■ **TASK ITEM**
Task for the listing below: copy it out in full, exactly.

■ **DATA**

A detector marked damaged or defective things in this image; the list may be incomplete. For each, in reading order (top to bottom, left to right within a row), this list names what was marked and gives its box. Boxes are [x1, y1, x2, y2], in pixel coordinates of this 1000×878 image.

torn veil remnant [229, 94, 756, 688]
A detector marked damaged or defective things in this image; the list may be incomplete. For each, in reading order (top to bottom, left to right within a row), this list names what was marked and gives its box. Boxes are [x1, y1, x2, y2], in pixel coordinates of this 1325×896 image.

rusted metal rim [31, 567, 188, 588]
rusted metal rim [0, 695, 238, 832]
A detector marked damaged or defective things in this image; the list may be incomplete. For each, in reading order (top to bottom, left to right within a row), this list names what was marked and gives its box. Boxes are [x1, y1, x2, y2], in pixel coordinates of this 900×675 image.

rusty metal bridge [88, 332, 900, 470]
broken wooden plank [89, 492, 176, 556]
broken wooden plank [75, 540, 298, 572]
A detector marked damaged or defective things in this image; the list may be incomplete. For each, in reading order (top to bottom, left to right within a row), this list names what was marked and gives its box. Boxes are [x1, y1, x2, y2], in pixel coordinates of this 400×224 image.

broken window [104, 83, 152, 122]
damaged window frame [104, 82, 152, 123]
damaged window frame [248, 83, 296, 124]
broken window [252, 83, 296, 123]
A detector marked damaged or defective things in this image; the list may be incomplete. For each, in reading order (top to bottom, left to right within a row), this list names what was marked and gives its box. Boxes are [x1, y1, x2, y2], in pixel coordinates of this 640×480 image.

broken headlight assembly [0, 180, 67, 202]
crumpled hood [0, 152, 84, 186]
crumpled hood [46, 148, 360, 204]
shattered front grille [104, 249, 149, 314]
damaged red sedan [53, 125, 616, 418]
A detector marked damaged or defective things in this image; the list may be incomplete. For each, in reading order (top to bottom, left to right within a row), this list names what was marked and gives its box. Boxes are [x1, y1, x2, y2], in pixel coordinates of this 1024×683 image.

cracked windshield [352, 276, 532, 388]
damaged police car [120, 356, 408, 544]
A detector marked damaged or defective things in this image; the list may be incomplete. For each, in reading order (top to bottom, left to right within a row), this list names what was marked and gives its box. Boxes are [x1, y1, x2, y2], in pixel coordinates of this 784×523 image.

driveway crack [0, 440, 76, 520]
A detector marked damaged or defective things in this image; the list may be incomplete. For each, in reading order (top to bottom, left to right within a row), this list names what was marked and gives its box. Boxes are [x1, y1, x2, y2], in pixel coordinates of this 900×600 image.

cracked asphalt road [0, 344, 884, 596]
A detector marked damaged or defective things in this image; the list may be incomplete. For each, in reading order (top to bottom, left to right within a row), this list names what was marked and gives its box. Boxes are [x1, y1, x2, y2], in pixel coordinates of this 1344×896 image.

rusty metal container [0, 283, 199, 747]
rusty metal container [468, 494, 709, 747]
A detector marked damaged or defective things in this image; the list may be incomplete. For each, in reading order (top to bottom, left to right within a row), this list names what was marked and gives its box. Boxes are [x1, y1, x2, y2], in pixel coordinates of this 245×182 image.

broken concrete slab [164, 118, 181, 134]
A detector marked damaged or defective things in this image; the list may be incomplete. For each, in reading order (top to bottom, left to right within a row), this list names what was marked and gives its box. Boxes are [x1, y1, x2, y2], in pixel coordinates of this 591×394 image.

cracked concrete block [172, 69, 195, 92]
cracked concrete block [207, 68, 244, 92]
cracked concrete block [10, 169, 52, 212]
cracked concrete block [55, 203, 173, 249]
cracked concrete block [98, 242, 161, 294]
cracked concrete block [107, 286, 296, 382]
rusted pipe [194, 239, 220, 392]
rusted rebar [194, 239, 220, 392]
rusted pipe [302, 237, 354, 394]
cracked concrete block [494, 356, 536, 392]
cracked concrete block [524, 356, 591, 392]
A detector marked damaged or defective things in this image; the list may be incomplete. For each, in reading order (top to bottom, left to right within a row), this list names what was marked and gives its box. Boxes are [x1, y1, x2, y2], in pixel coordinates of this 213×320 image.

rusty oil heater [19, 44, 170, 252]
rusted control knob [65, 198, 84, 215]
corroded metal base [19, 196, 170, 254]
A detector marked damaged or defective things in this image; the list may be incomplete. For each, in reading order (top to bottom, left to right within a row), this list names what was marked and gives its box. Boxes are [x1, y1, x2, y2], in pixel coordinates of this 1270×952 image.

■ **EXERCISE SOLUTION**
A detector marked damaged or defective things in this image; the list may be incomplete. For each, in reading order (top to bottom, left to right within a row), this list names what was marked and gives its box. Boxes are [x1, y1, x2, y2], in pixel coordinates of this 1000×878 image.

torn veil remnant [229, 94, 756, 688]
A detector marked damaged or defective things in this image; the list may be incomplete. For each, in reading order (top to bottom, left to right within a row), this list names what was marked and gives its box. Boxes are [x1, y1, x2, y2], in pixel coordinates of this 1325×896 image.

rusted metal rim [31, 567, 188, 588]
rusted metal rim [0, 695, 238, 832]
A detector marked damaged or defective things in this image; the list may be incomplete. For each, in reading order (top to bottom, left to right within a row), this list names what was marked and gives its box. Boxes are [x1, y1, x2, y2], in pixel coordinates of this 900×675 image.

rusty metal bridge [88, 332, 900, 470]
broken wooden plank [89, 492, 176, 556]
broken wooden plank [75, 540, 298, 572]
A detector marked damaged or defective things in this image; the list may be incomplete. For each, in reading order (top to bottom, left to right within a row), this list names what was marked and gives its box. Boxes are [x1, y1, x2, y2], in pixel coordinates of this 400×224 image.

broken window [104, 83, 152, 122]
damaged window frame [104, 82, 152, 123]
damaged window frame [248, 83, 296, 124]
broken window [252, 83, 296, 123]
A detector marked damaged or defective things in this image; the list may be incomplete. For each, in reading order (top to bottom, left to right within a row), this list names what was marked and gives its box. Boxes are [x1, y1, x2, y2], in pixel coordinates of this 640×480 image.

broken headlight assembly [0, 180, 67, 202]
crumpled hood [0, 152, 84, 186]
crumpled hood [46, 148, 360, 204]
shattered front grille [104, 249, 149, 314]
damaged red sedan [53, 125, 616, 418]
A detector marked damaged or defective things in this image; the list may be incomplete. For each, in reading order (top to bottom, left to right within a row), this list names what was marked and gives its box. Boxes are [x1, y1, x2, y2], in pixel coordinates of this 1024×683 image.

cracked windshield [352, 276, 532, 388]
damaged police car [120, 356, 408, 544]
A detector marked damaged or defective things in this image; the list may be incomplete. For each, in reading order (top to bottom, left to right within a row), this list names what was marked and gives its box. Boxes are [x1, y1, x2, y2], in pixel coordinates of this 784×523 image.

driveway crack [0, 440, 76, 520]
A detector marked damaged or defective things in this image; the list may be incomplete. For each, in reading order (top to bottom, left to right within a row), this list names what was marked and gives its box. Boxes are [x1, y1, x2, y2], in pixel coordinates of this 900×600 image.

cracked asphalt road [0, 344, 884, 596]
A detector marked damaged or defective things in this image; the list may be incomplete. For each, in reading order (top to bottom, left to right within a row), this list names what was marked and gives its box. Boxes are [x1, y1, x2, y2], in pixel coordinates of this 1344×896 image.

rusty metal container [0, 283, 199, 747]
rusty metal container [468, 494, 709, 747]
A detector marked damaged or defective things in this image; the list may be incomplete. For each, in reading order (top to bottom, left to right within a row), this list names what was marked and gives its box. Boxes are [x1, y1, x2, y2], in pixel coordinates of this 245×182 image.

broken concrete slab [164, 118, 181, 134]
A detector marked damaged or defective things in this image; the list may be incomplete. For each, in reading order (top to bottom, left to right within a row), this list names what was marked and gives its box. Boxes are [x1, y1, x2, y2], in pixel coordinates of this 591×394 image.

cracked concrete block [172, 69, 195, 92]
cracked concrete block [207, 68, 244, 92]
cracked concrete block [10, 169, 52, 212]
cracked concrete block [55, 203, 173, 249]
cracked concrete block [98, 242, 161, 294]
cracked concrete block [107, 286, 296, 382]
rusted pipe [194, 239, 220, 392]
rusted rebar [194, 239, 220, 392]
rusted pipe [302, 237, 354, 394]
cracked concrete block [494, 356, 536, 392]
cracked concrete block [524, 356, 591, 392]
A detector marked damaged or defective things in this image; the list may be incomplete. For each, in reading order (top to bottom, left to right within a row), this list names what was marked and gives its box. Boxes are [x1, y1, x2, y2], in pixel coordinates of this 213×320 image.

rusty oil heater [19, 44, 170, 252]
rusted control knob [65, 198, 84, 215]
corroded metal base [19, 196, 170, 254]
A detector marked damaged or defective things in this image; the list may be incomplete. For each, in reading order (top to bottom, left to right within a row), this list names what was marked and gives its box. Boxes are [x1, y1, x2, y2], in pixel coordinates of this 1270×952 image.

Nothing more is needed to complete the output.